In 2013, three subsidiaries signed an agreement, or an additional clause to their existing agreement, on equality between men and women, making 16 agreements in total within the group in France. The fight to promote equal pay is manifested in a “catch-up” plan, which began in 2008, and, by 2010, almost 4,500 nonjustifiable pay differences had been corrected. Since then, the group has continued to correct any pay gaps and to prevent them occurring wherever possible.

For career development and promotions, new quantifiable goals for women's promotion at every level of the management hierarchy have been agreed upon. For example, in order to improve gender diversity for the key post of branch manager in the retail banking network, where women are still underrepresented, the group decided to increase the number of women in this post by six points between the beginning of 2013 and the end of 2015 (24 percent on December 31, 2012, to 30 percent on December 31, 2015).

Mentoring in Corporate and Institutional Banking

In 2012, Corporate and Institutional Banking (CIB), the investment banking division of BNP Paribas, launched a mentoring program named WLI (Women's Leadership Initiative). Its aim is to increase the presence of women in key posts throughout the bank. The pilot involved the mentoring of 28 of the bank's most talented women and was aimed at developing their careers in three ways:

  1. Visibility: increasing women's visibility among the bank's directors in order to increase promotions
  2. Opportunity: increasing the number of applications to posts of responsibility via mentoring
  3. Ambition: developing awareness of stereotypes of women in terms of ambition

More than thirty of the most senior directors of CIB, including the chairman and chief executive, Alain Papiasse, became mentors in this program. Their involvement enabled the mentees to improve their positions in the bank, which facilitated career progression.

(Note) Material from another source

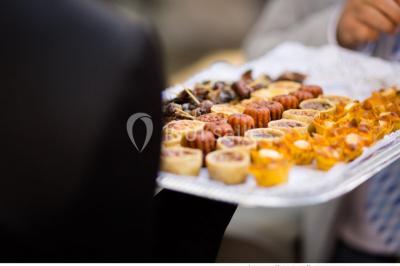 Kiosque décoré de fleurs blanches au bord d'un lac avec une fontaine, sous un ciel dégagé.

The directors also provided leadership opportunities and opened their own networks in order to increase the mentees' visibility among other directors.

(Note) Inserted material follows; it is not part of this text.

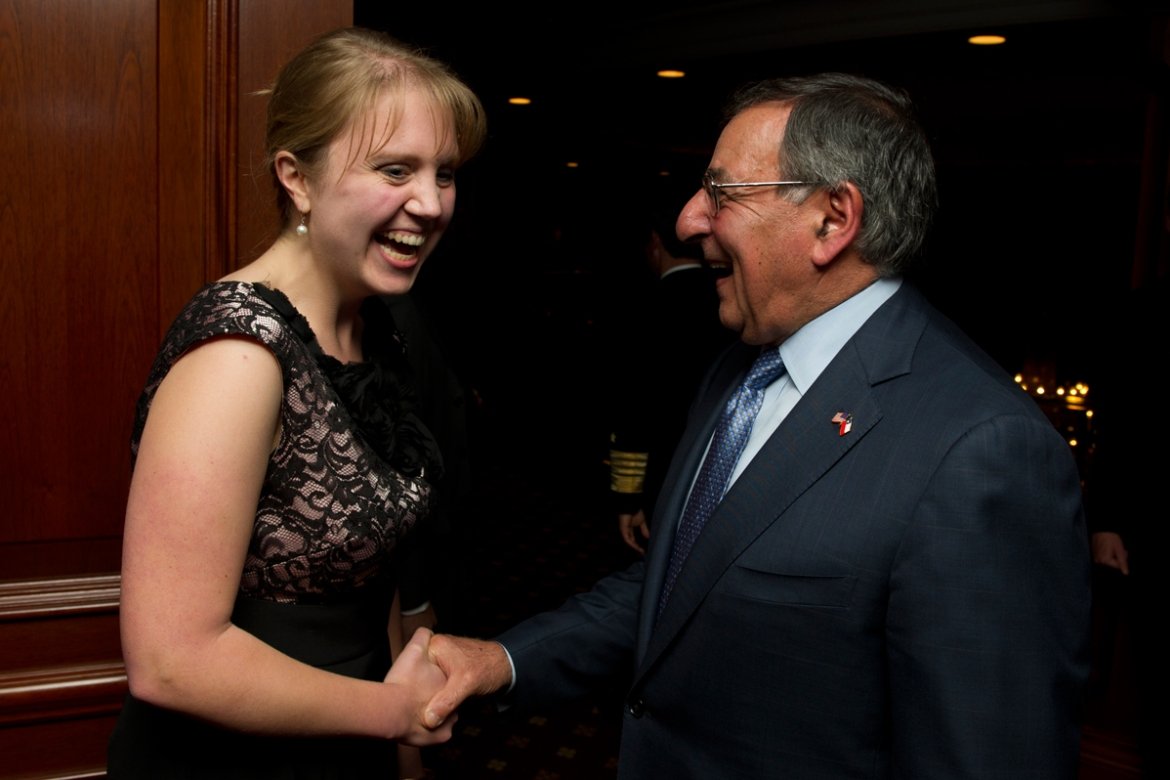 Jessie Babcock '03 with Secretary of Defense, Leon Panetta in 2012.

The pilot was rolled out in three phases.

  1. Phase 1: the mentees each participated in a 360° leadership analysis and then met together in order to understand their roles and responsibilities in the program.
  2. Phase 2: the mentor/mentee pairs met to agree on the terms of their contract and their method of working together, and to identify career progression opportunities.
  3. Phase 3: the mentors and mentees took part in a workshop aimed at getting the best possible performances out of the women as leaders. This seminar aimed to develop awareness of how men and women manage, and a review of the methods by which women managers can give the best of themselves.

This program aims to see at least 25 percent of mentees benefit from career development over a period of three years by developing their leadership skills. In addition, it encourages the mentors to offer specific opportunities for career development to the women. More generally, the program will enable the bank to improve the mentors' and mentees' knowledge and to encourage the creation of actions aimed at promoting women. The Women's Initiatives Network, or WIN, has absolutely increased their confidence, enhanced their profiles, and frankly, improved their managers' understanding of their roles and potential. And then the network that they have developed means they're more likely to know whether there's a job opening in this spot or that spot. They're more likely to be able to call a woman who's in a group or in a job posting and connect with them in a self-help way. And then, of course, we have a mentoring program that's actually a year-long investment in their professional development.